I think this book does a terrific job of introducing children to the idea of strangers.

http://www.youtube.com/watch?v=E2s_ICFUVfk#t=38
http://love146.org/
http://www.polarisproject.org/
Iaran
I adore the Berenstain books (by Stan and Jan NOT their son Mike). This was a nice way to help the overly friendly child understand why/how to be more cautious. It’s such a difficult concept. I gave it 4 stars rather than 5 because I think it could have gone farther a little farther; it was an excellent conversation starter though.
Drelalen
This works well to explain to kids not to talk to strangers, especially if your kid asks a lot of questions. If you have kid that just has to talk to everyone, you might consider getting this book. I found it helpful. There's also a list of rules in the back of the book to help keep your kid safe when dealing with other adults in general. Great presentation on a difficult topic.
Uylo
Had the same book when I was little and wanted this for my 3yo daughter. Perfect and plan to use it with our younger som when he is similar age. Not sure why I thought it would be a hrdcover but this paperback works just fine!

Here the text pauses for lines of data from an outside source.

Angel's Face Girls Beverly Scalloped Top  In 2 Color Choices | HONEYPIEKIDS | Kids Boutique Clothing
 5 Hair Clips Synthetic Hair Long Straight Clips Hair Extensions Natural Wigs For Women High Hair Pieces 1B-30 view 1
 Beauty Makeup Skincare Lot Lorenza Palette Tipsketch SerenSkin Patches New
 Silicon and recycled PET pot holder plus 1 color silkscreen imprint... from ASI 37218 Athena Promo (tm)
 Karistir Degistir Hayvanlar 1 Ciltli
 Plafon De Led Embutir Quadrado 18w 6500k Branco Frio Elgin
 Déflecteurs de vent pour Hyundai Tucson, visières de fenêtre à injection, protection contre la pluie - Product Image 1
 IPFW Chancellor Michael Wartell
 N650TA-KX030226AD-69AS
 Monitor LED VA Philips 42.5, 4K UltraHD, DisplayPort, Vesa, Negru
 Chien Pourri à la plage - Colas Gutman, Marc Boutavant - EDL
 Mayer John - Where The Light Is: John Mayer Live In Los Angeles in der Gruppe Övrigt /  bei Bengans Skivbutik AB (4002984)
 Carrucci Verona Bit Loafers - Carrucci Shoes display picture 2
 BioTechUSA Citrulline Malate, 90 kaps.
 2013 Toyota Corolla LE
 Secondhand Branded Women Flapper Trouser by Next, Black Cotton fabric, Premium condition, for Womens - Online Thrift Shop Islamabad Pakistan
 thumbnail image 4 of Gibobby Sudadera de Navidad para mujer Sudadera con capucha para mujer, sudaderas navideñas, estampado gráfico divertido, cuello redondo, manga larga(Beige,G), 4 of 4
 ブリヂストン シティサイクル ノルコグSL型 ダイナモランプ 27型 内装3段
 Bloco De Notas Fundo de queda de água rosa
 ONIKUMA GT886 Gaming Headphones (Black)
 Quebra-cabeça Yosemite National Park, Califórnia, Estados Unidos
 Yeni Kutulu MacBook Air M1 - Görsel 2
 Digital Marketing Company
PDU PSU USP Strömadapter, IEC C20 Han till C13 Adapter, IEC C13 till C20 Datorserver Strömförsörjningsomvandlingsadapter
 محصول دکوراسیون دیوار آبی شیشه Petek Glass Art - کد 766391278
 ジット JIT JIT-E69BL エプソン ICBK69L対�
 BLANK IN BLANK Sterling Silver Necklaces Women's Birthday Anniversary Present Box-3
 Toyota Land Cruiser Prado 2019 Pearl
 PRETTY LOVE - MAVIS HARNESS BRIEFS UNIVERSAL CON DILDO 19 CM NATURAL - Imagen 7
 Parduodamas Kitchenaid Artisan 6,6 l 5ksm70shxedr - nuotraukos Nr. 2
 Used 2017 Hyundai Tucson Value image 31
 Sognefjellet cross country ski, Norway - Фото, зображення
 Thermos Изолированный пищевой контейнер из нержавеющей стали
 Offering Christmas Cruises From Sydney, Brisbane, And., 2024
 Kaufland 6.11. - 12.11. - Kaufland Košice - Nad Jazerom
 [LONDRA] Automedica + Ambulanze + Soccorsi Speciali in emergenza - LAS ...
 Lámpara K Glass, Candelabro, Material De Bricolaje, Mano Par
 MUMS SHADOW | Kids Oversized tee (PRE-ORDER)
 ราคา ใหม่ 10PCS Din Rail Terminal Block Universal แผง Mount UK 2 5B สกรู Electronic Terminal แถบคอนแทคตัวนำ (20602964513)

Thank you!
Riavay
Great book for helping children understand that staying close to family or trusted care givers is important. Getting lost can be difficult for the child as well as the person who can not find the child. Hand holding is important when taking children places like shopping or large areas of people walking about. Many of today's young parents think of their children as little men and wormen, but they are not. Holding hands when walking in areas with a lot of strangers is important. Staying away from strangers and close to care givers is very important. This is a great book for children starting school.
I bought this for my 5-year-old, and he loves it. It covers almost all the bases for teaching kids about strangers: how to be cautious but not frightened, how to tell a trusted grownup about inappropriate behavior, what strangers might do to lure a child, siblings looking out for each other, etc. There's a great analogy that explains why kids need to be wary of strangers even though not all strangers are bad people. The illustrations are very enagaing, especially the ones with the bad vs. good apples and the scary vs. friendly environment. The one thing I would have liked is an explanation of what a stranger is. To many young children, anyone who smiles or says hello is a friend. Also, the stickers are a great idea; my son gets to pick a sticker every time we read the book, and he likes to match them up with the illustrations.